Récemment, la ville a été lauréate, avec son projet Recital, de l’appel à projet de France 2030 « Territoires intelligents et durables » et de son volet intelligence artificielle. Objectif de ce projet : d’une part réduire au plus vite la consommation énergétique de 200 bâtiments en suivant en temps réel la consommation, en augmentant par l’IA les recommandations d’usages faites aux gestionnaires des bâtiments et en détectant les aberrations de comportement. D’autre part, coupler ces informations à un outil d’optimisation des travaux de rénovation et de leur impact thermique, afin de réduire au plus la consommation et l’impact CO2.
En matière de cybersécurité, la prise de conscience date de 2017. « L’arrivée du ransomware Wanacry a été la première secousse. Nous avons alors effectué un audit de sécurité du SI, décidé de recruter un RSSI (il faudra trois ans pour y parvenir) et pris des mesures de sensibilisation à la cybersécurité, ce qui, au début, n’a pas été simple au niveau des élus », raconte Axel Saint-Charles, DSI de la commune de Noisy-le-Grand.
L’augmentation des cyberattaques depuis 2020 a amplifié cette prise de conscience. « En décembre 2020, j’ai convaincu ma direction générale de mettre en place une task force ‘cybersécurité’, enclenchée dès 2021 via un dispositif de renforcement technique intégrant l’XDR (Extended Detection and Response), la sécurisation du serveur de mail, des accès à privilège revus, l’actualisation de la politique de mots de passe, l’authentification multifacteur sur les postes de télétravail… Nous avons également déployé un logiciel d’aide à la formation au phishing pour embarquer les agents », précise Axel Saint-Charles.
En 2021 toujours, un nouveau dispositif renforcé est élaboré dans le cadre du plan France Relance de la cybersécurité auquel la ville de Noisy-Le-Grand est éligible. Il comprend notamment un audit opérationnel complet, un plan d’action sécurité, une PSSI (Politique de sécurité du ou des systèmes d’information) officielle et une charte revisitée tenant compte du télétravail et des usages cloud et mobiles.
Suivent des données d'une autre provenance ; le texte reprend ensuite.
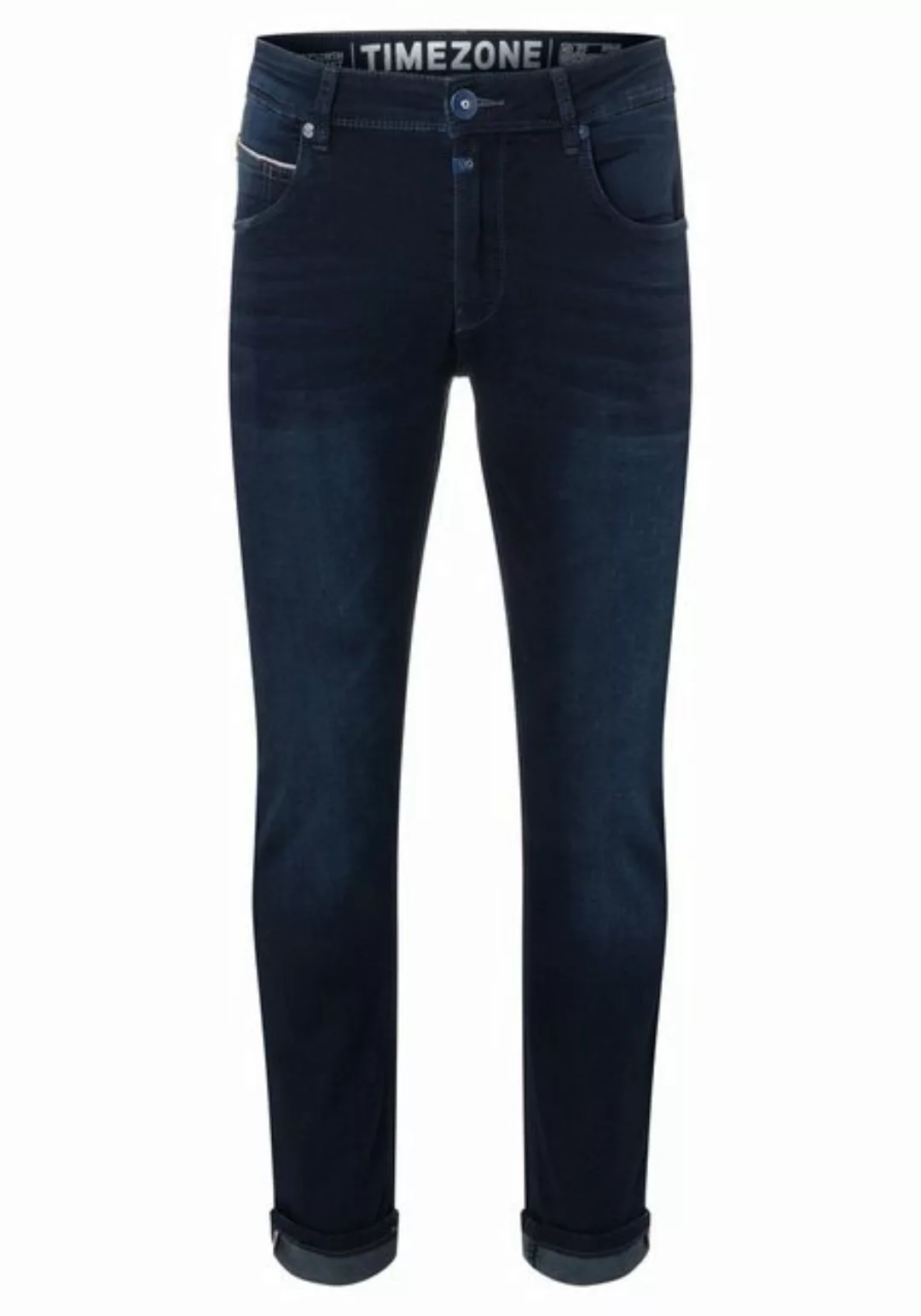 TIMEZONE Slim-fit-Jeans Slim Fit Jeans Denim Hose SCOTTTZ Slim ScottTZ günstig online kaufen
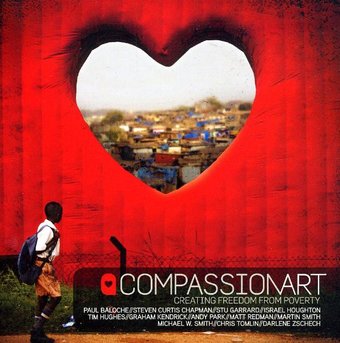 CompassionArt: Creating Freedom from Poverty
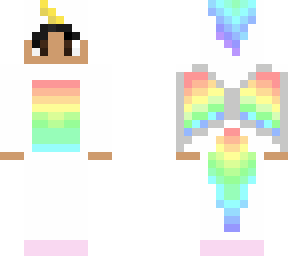 unicorn onesie (well, technically alicorn onesie)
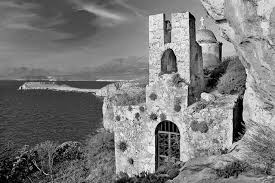 Rundwanderung mit aussicht auf den höchsten berg im taygetos. Peloponnes Wilde Mani Reisebericht Tipps Reiseblog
« C’était dense et ce n’est pas terminé. Lorsqu’un un projet est finalisé, je me demande quelle nouvelle menace nous allons engendrer par ce biais. C’est presque sans fin… Maintenant, la nouvelle inconnue est probablement l’IoT, – la chaîne qui va du capteur à la data. C’est un nouveau défi et il génère forcément de nouvelles préoccupations en matière de cybersécurité », conclut Axel Saint-Charles.